◆ WHAT YOU HAVE TO DO ◆
Reproduce exactly the span of lines that opens with the line containing "Umbrella on Sale" and closes with the last line of the entries below.

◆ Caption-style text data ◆
● ● ●

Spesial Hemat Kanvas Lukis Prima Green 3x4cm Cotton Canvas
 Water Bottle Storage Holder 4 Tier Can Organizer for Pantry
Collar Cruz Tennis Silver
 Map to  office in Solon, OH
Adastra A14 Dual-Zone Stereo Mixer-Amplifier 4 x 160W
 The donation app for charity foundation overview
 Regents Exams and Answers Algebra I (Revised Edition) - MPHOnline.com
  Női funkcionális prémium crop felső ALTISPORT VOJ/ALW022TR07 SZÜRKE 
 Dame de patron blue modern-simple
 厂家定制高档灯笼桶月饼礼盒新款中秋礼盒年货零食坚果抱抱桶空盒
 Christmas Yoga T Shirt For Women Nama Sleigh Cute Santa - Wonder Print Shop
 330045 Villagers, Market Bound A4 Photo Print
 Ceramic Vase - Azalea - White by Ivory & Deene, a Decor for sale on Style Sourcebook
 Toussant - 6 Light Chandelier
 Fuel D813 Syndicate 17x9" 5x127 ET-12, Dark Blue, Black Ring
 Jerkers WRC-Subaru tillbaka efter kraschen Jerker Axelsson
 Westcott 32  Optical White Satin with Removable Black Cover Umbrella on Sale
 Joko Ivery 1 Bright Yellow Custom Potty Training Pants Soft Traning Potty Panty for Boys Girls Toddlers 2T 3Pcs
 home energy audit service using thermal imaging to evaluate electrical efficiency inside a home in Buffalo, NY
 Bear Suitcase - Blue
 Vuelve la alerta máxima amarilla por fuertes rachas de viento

● ● ●

◆ FINISHED EXERCISE ◆
 Westcott 32  Optical White Satin with Removable Black Cover Umbrella on Sale
 Joko Ivery 1 Bright Yellow Custom Potty Training Pants Soft Traning Potty Panty for Boys Girls Toddlers 2T 3Pcs
 home energy audit service using thermal imaging to evaluate electrical efficiency inside a home in Buffalo, NY
 Bear Suitcase - Blue
 Vuelve la alerta máxima amarilla por fuertes rachas de viento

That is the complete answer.